Current situation with profitability per TB is 0.18-0.81 $/TB

1$ mean 2.1$ for customer, that number derived from https://www.youtube.com/watch?v=C6lqZcrl1v0&t=375s&ab_channel=Storj, 0.9$ for node and 1$ for customer forever out of question if they keep erasure coding.

But the main thing I would argue here is not everything is price focus. I would argue that only price focus customer care about pricing. Even when you set the price to negative, existing business still won’t switch, do you belive that? And it will only attracting profit seeking customer. Business only focus on the main activity, most likely they oblivion the any thing not related to their main focus, in my opinion they don’t care too much about pricing, people still use AWS s3 as an example. Trust is a bigger sale here.

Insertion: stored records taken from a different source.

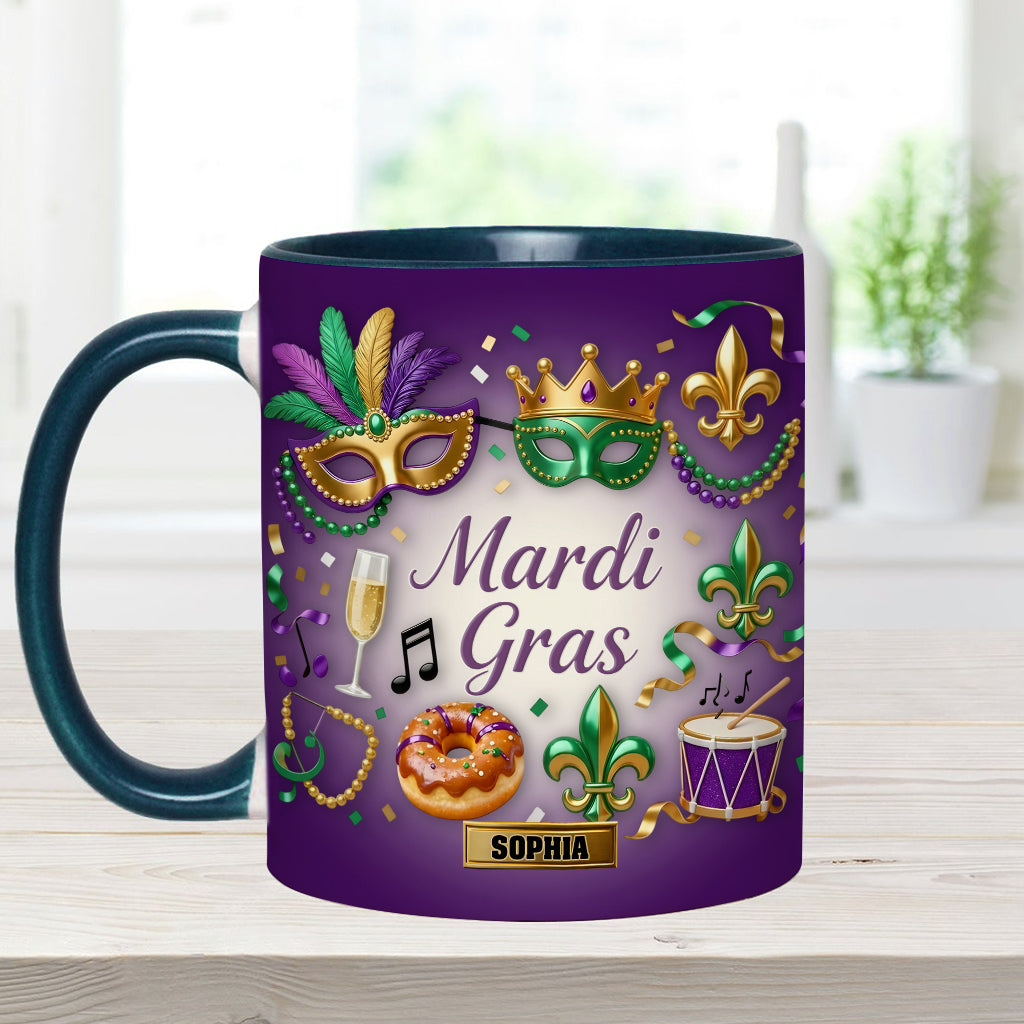 Happy Mardi Gras - Personalized Mardi Gras Accent Mug & Coaster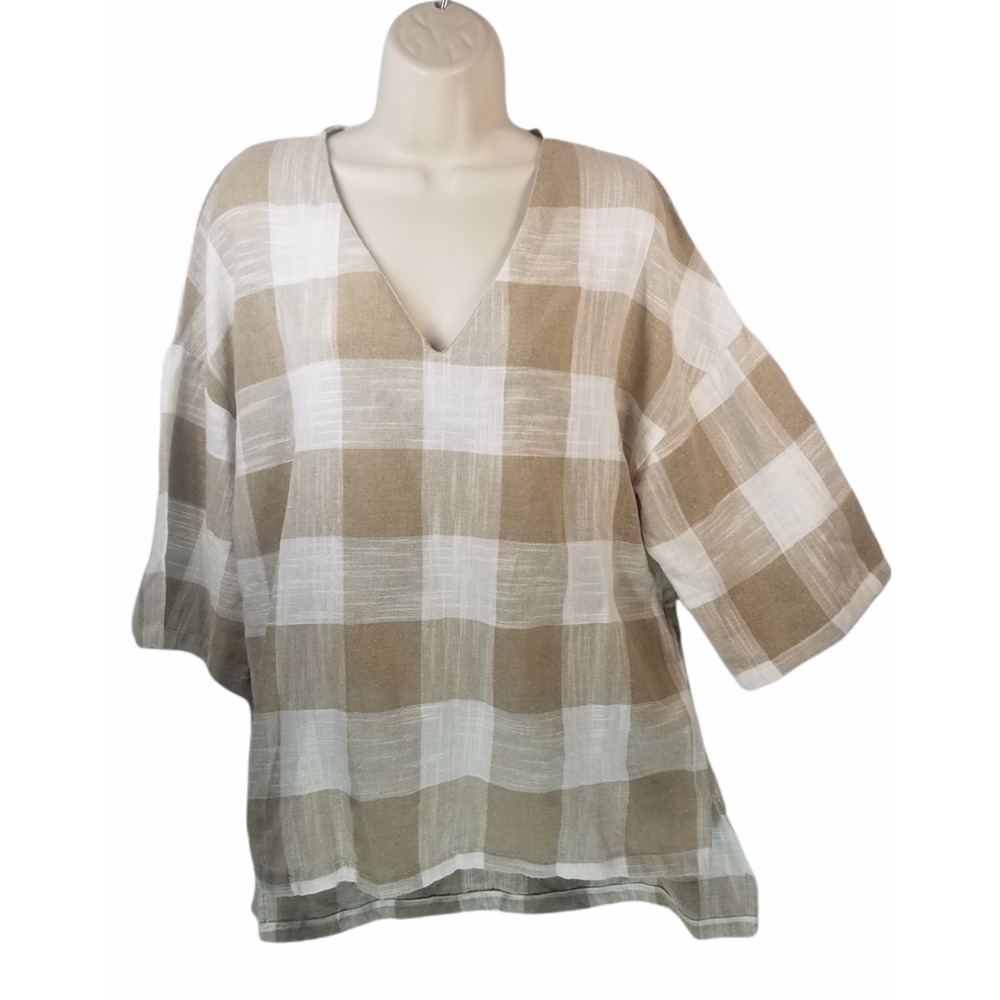 Cotton Bleu Women's Blouse Tunic Beige White V-Neck 3/4 Sleeve Size Small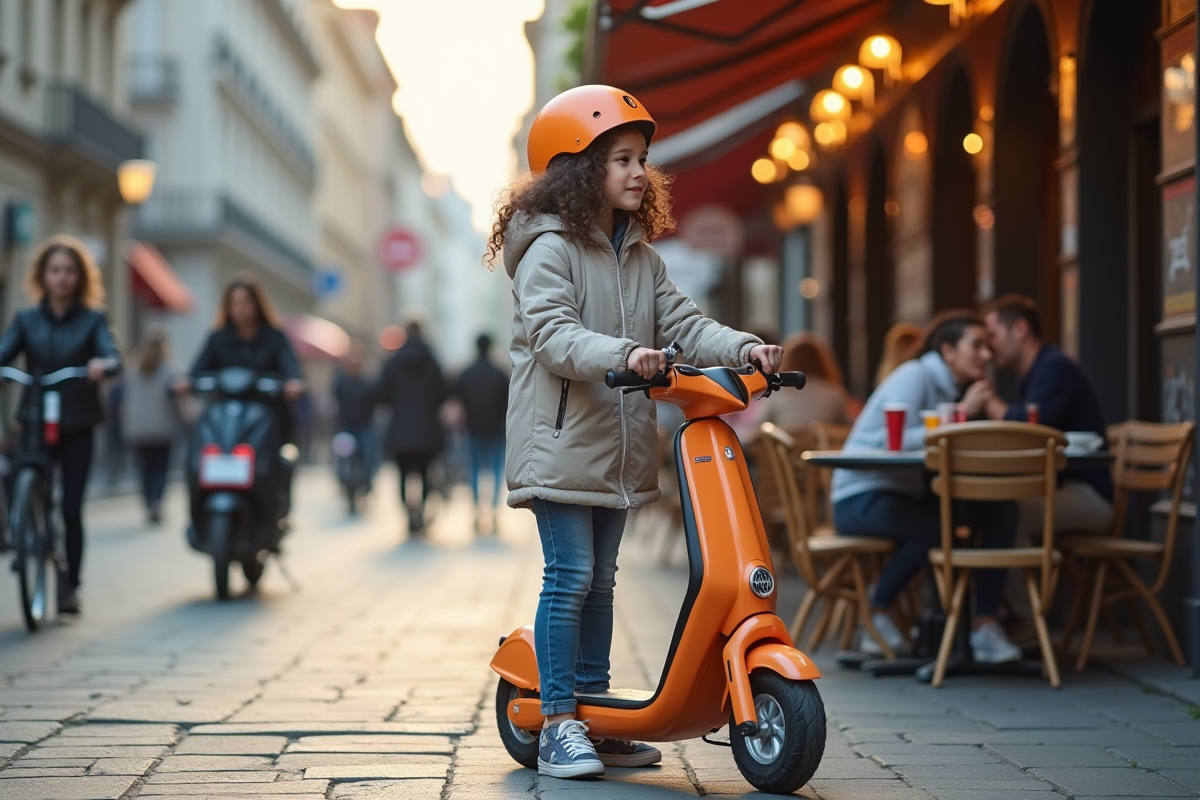 Fille de 14 ans avec casque et scooter coloré en ville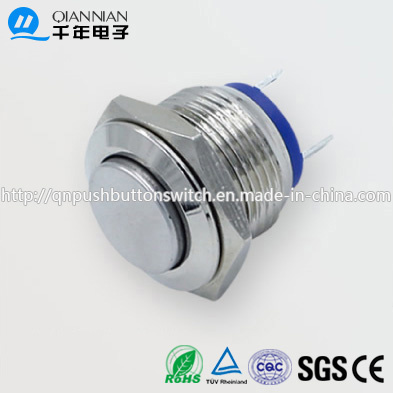 Qn16-A6 16mm Momentary Elevated Head Pin Terminal Metal Push Button Switch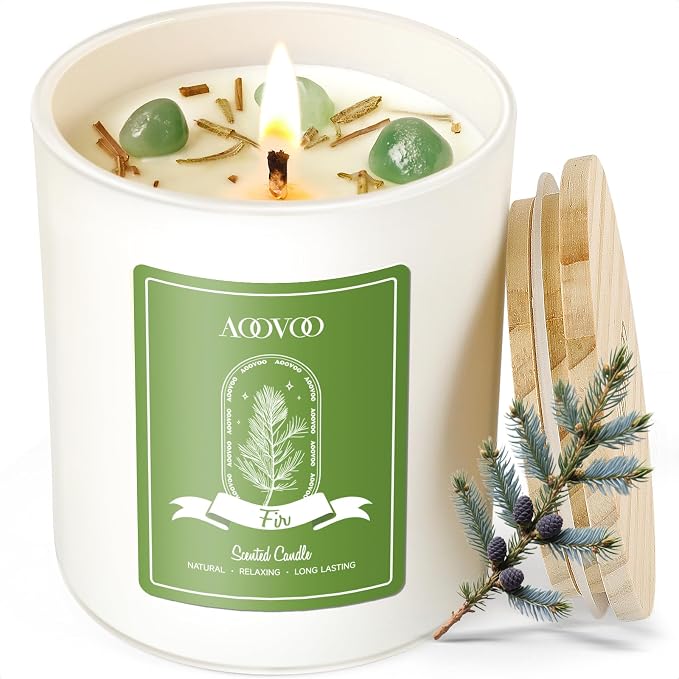Fir Scented Candles for Women - Aromatherapy Candle with Crystals Inside, 10oz Soy Candles for Home Scented, product image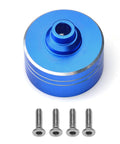 Beefed Up 7075 Aluminum Differential Case With Hardened 45 Steel Differential Spur Gear And Bevel Gear For One Tenth Tamiya XV02 TT02 TT02B RC Car Upgrade Parts Blue, showing blue aluminum differential case with screws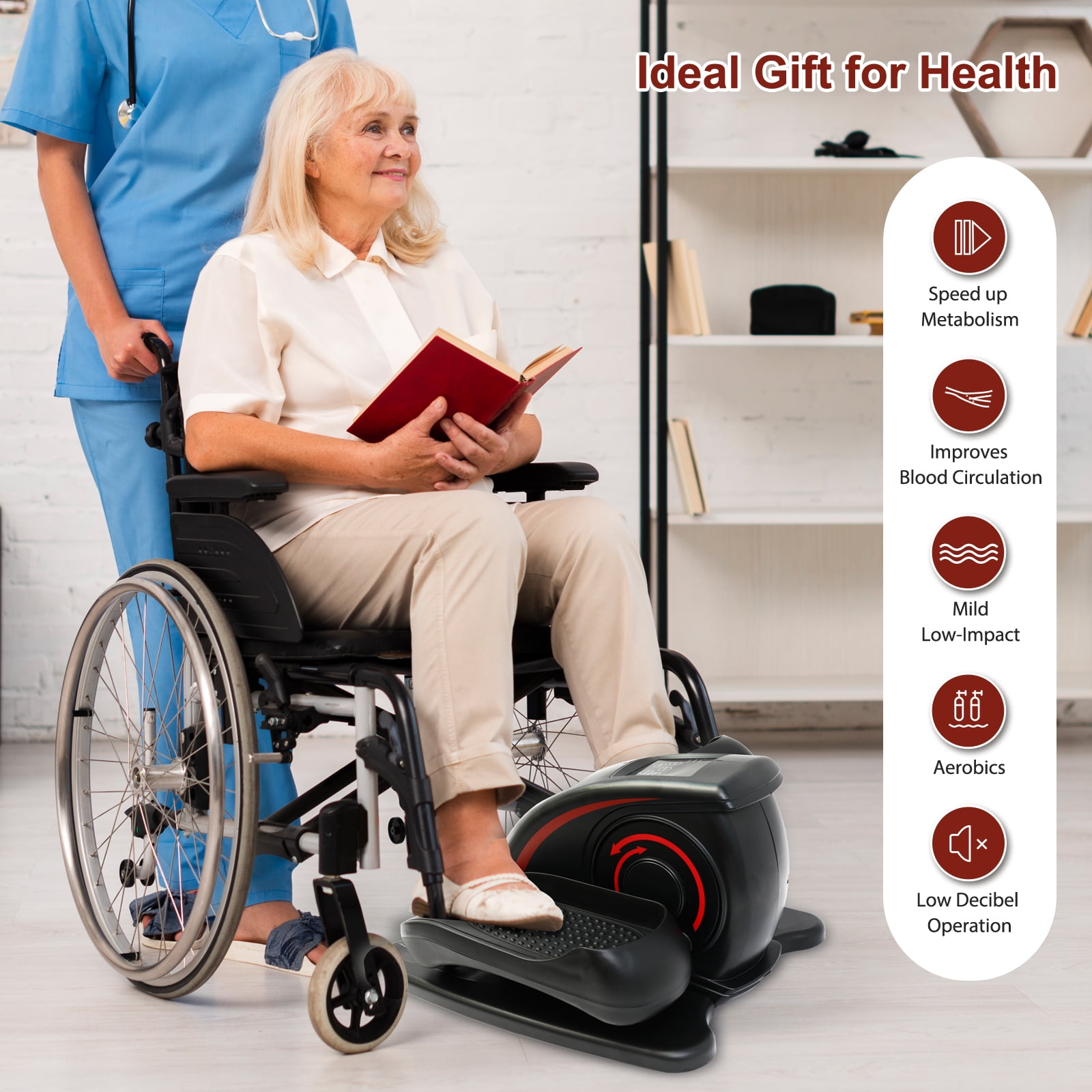 ALSO GO Under Desk Elliptical, Ellipse Leg Exerciser While Sitting for Seniors Fully Assembled, Portable & Quiet Pedal Exerciser for Home Office, Elliptical Machine with Remote Control, 220LBS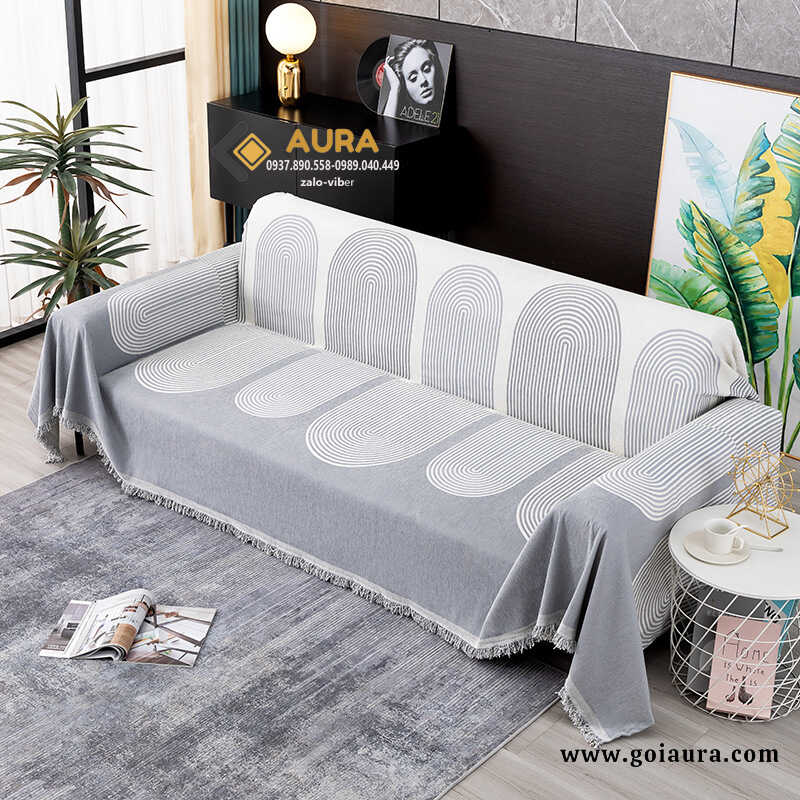 khăn phủ sofa sọc xám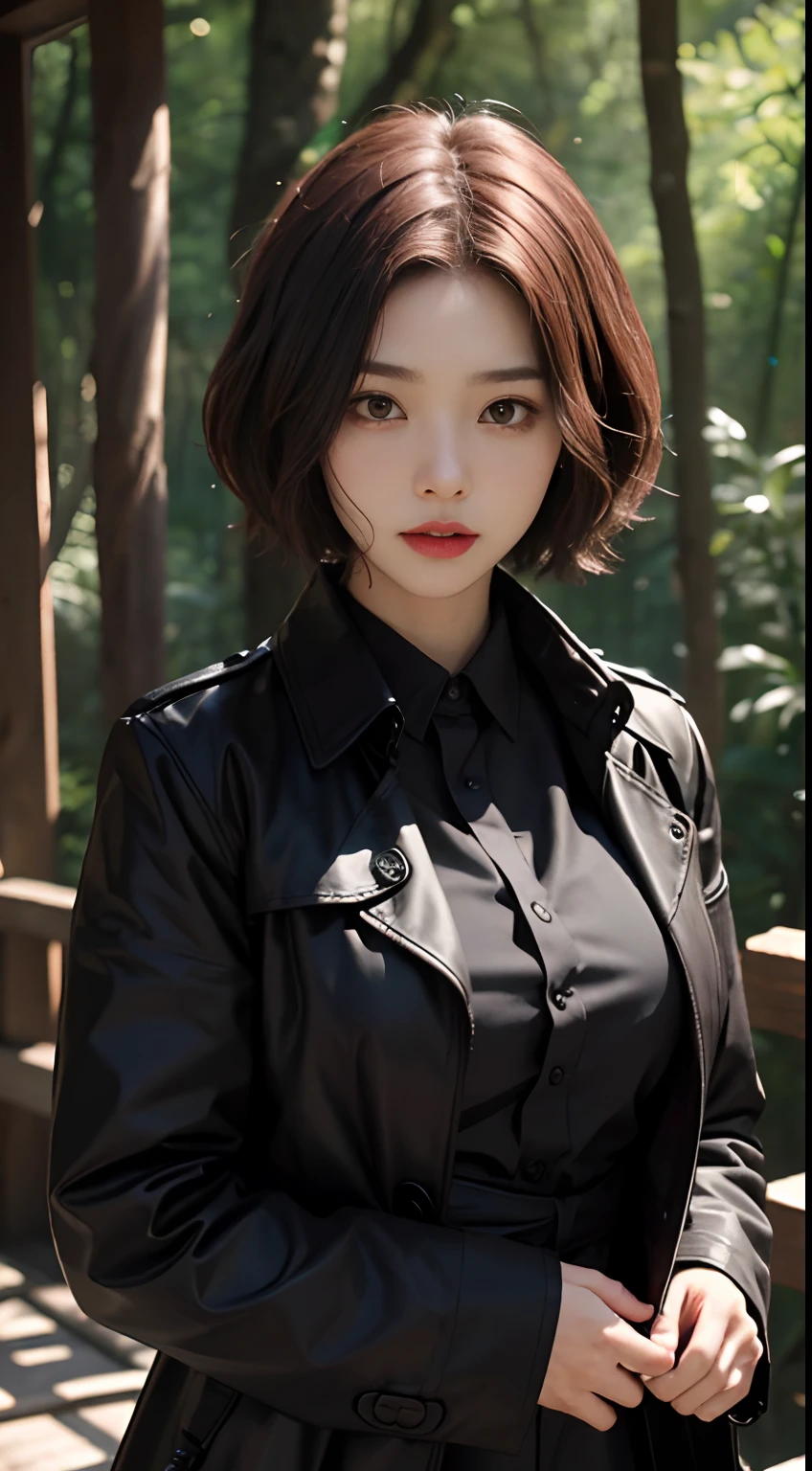 rage face，（a black trench coat：1.3） ，  （（best qualtiy， 8K， tmasterpiece： 1.3））， Sharp focus： 1.2， （layer cut， The large： 1.2）， Beautiful Women in Perfect Figure： 1.4， Slender abs： 1.2， Get wet： 1.5， Very detailed face and skin texture， Detailed eyes， 二重まぶた， （Short burgundy hair：1.3），Among the woods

It can never be exactly 0$ right, disk spinning for Storj require energy, study about the exact curve disk prices per TB or disk failure rate or energy price per country need to be done on yearly basic, I don’t see report so I assume they never did that.

Storj did recommend using existing hdd, already online system, but what if only 1000 or less node can sastify that requirement? I think they say that just to have more green image for marketing, in secret they do hope they have a lot more node, so they could have more power and apply more aggressive pricing toward node operator - because I would have done the same :slight_smile: I’m human after all.

I think right now they did the right job talking to the customer, I’d advise them to read the mom test book to seek the true meaning behind customer words.

This is the postulate that always jars me. Nothing in this world is free, unless you steal it - in which case someone else pays, but still pays.

This topic was created for a reason. I deliberately did not consider the cost of fixed assets and their depreciation, considering only current expenses.
We have again slipped to the point that all this can be free.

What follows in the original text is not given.